Entre todas las cosas sorprendentes que existen sobre la faz del azulado planeta que nos acoge existe una persona que nació en el estado indio de Gujarat, en el oeste de este país, y ha llegado caminando al estado de Tamil Nadú. Solo hace falta googlear un mapa de la India un momento para entender que pasa algo especial con este hombre. Él me ha dicho en una ocasión que sus maestros son el sol y los árboles; a ellos los escucha y al sol lo mira directamente; a causa de una anomalía en los ojos, desde niño tiene la capacidad de mirar directamente al sol sin hacerse daño. Su apellido es también Vyasa. Es decir, su familia desciende del mítico compositor del Mahabharata.

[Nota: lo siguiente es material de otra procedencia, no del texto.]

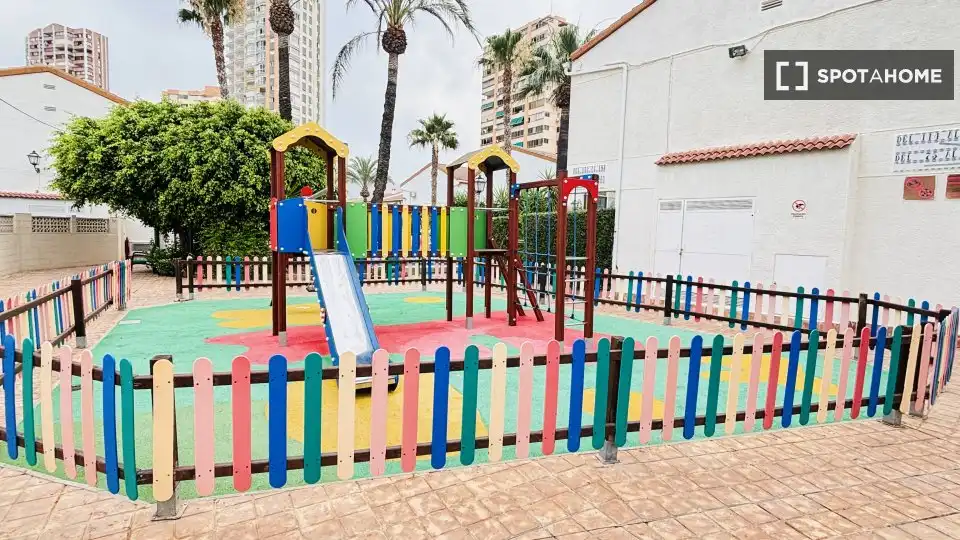 Parking de Apartamento para compartir en Benidorm con Aire acondicionado, Terraza y Amueblado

Siempre va de blanco. Usa turbante, ropa y sandalias blancas. La barba que tiene es larga y también blanca.
El día que lo conocí pasamos horas juntos. Nos reunimos al mediodía y sin darnos cuenta el sol se fue escondiendo bajo el horizonte. Estábamos sentados bajo el cielo, rodeados de bosque y sin luz artificial. Se hacía de noche pero seguíamos en el mismo lugar, la conversación pausada pero intensa y a medida que oscurecía me parecía que sus ropas brillaban cada vez más. Compartir la tarde con un descendiente de Vyasa no es poca cosa para mí. Además fue él quien, mirándome fijamente, me dijo: «creo que ya es hora de que conozcas a Hanuman».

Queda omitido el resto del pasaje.